CORTE SUPREMA DE JUSTICIA SALA DE CASACIÓN LABORAL Magistrada Ponente: ELSY DEL PILAR CUELLO CALDERÓN Tutela No. 18678 Acta No. 54 Bogotá D. C, dos (2) de septiembre de dos mil ocho (2008). Resuelve la Corte la acción de tutela interpuesta por HELLEN MARÍA VELILLA ARRIETA contra la SALA LABORAL DEL TRIBUNAL SUPERIOR DEL DISTRITO JUDICIAL DE CARTAGENA, a la cual se vinculó el JUZG ADO SEXTO LABORAL DEL CIRCUITO de la misma ciudad.
ANTECEDENTES 1-. Para obtener la protección constitucional de los derechos fundamentales al debido proceso, a la igualdad y a la seguridad jurídica, se instauró acción de tutela contra la Corporación mencionada, en relación con la sentencia del 28 de mayo de 2008 dentro del proceso especial de fuero sindical que adelantó contra la CAJA DE CRÉDITO AGRARIO, INDUSTRIAL Y MINERO -EN Liquidación-.

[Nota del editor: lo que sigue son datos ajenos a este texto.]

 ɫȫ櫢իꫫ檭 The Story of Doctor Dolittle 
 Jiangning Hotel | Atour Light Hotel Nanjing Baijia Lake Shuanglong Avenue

Fundamenta su petición en que en el año de 1999 presentó demanda especial de fuero sindical -acción de reintegro-, por haber sido despedida encontrándose amparada por esa garantía; el 22 de julio de 2007, el Juzgado declaró que no se requería autorización judicial para dar por terminado el contrato de trabajo y absolvió a la demandada de las pretcnsiones de la demanda y declaró probada la excepción de "amparo de constitueionalidad, porque la desvinculación se produjo por mandato de los Decretos 1064 y 1065 de 1999"; el Tribunal, al desatar el recurso de apelación, confirmó la anterior decisión, porque consideró que "para acreditar la existencia del fuero que ampara a la accionante se arrimaron al proceso las pruebas documentales visible a folios 32, 35, 277, 183 a 254 y 255 a 274, pero contrario a lo afirmado por el juez del conocimiento, no encuentra la Sala que de ellas surja demostrado el amparo foral que sirve de sustento a las pretensiones de la actora"; con la anterior decisión el Tribunal desconoció que la calidad de aforada no era objeto de discusión, sino que el problema jurídico a resolver era si se necesitaba autorización para despedir; además era única apelante, la Convención Colectiva de Trabajo nunca fue materia de debate; el Tribunal, por medio de las sentencias del 7 de agosto de 2005 y 16 de mayo de 2007, en procesos iguales, frente a los mismos hechos y a la misma entidad, reconoció, a título de indemnización, los salarios y prestaciones sociales en dos procesos de fuero sindical.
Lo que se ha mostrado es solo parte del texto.